Kaplan says he wanted to explain the company’s financial problems to customers himself. He adds that the full-page plea to loyal customers to order from his catalogue was a “home run” marketing move expected to generate an additional 15,000 to 20,000 orders over projections.

Will It Have a Telethon?

Labor Day marks the end of the summer season and the start of Albert Maguire’s campaign season.

Maguire, 76, who owns a stock brokerage in Santa Maria and is chairman of a bank in Arroyo Grande, has been on a 40-year, one-man crusade to have the Saturday before Labor Day declared “Capital Day.”

Maguire envisions parades and speeches praising capital’s benefits. He says capital is unappreciated.
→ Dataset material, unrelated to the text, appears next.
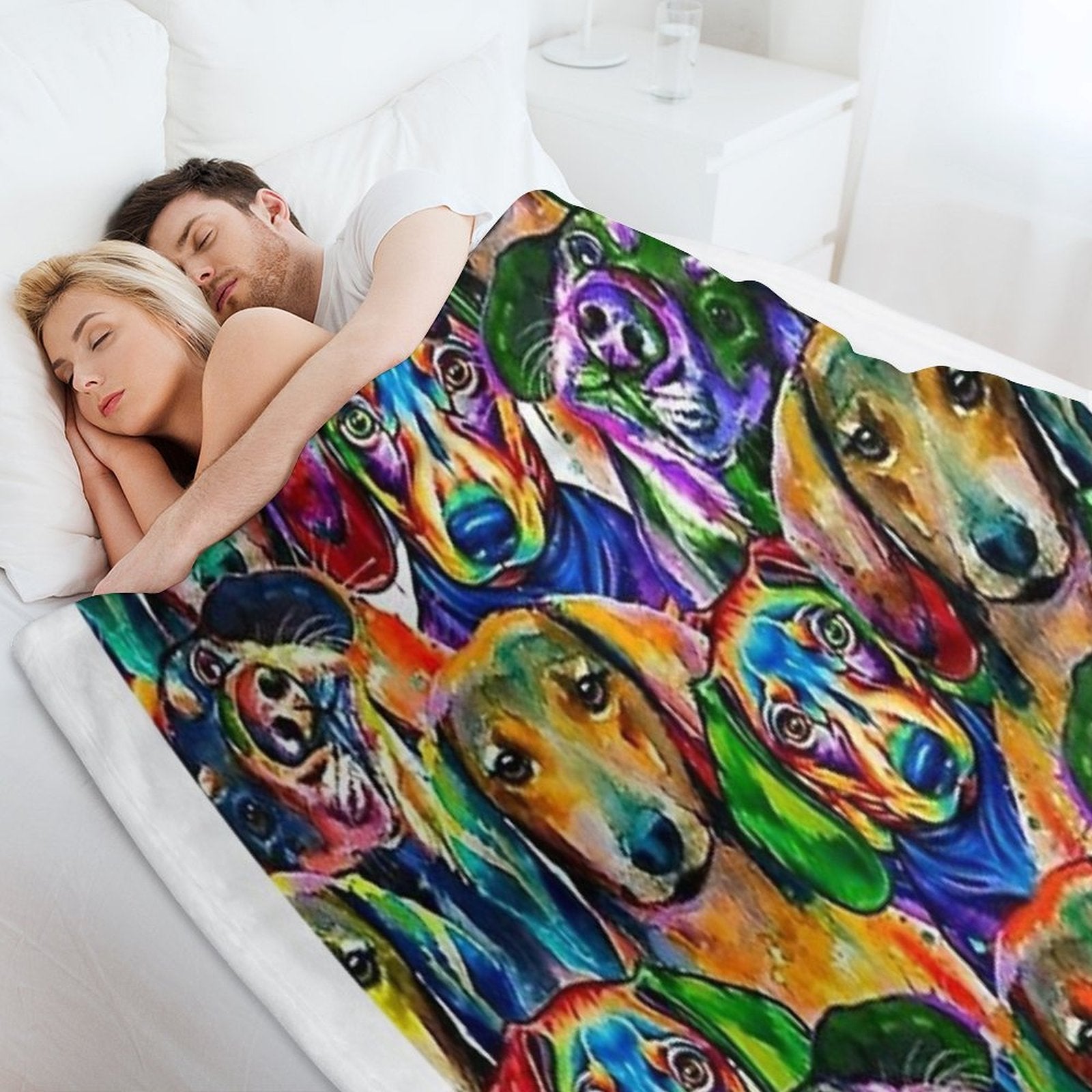 Dachshund Dog Collage Wrinkle-free Throw Blanket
He says he recorded just three references to it during the conventions, all by Housing Secretary Jack Kemp.

Briefly. . .

Save your receipt: Irvine mayoral candidate Marc Goldstone promises a money-back guarantee to any dissatisfied campaign contributors . . . The Overpriced Stock Service newsletter says, “We expect the Clinton Administration to act like a new CEO: take a huge restructuring charge and blame it on the previous Administration”. . . The late newspaper baron Robert Maxwell’s son, Kevin, would need about $44,500 a day for 50 years to pay off the $813.3 million he owes creditors.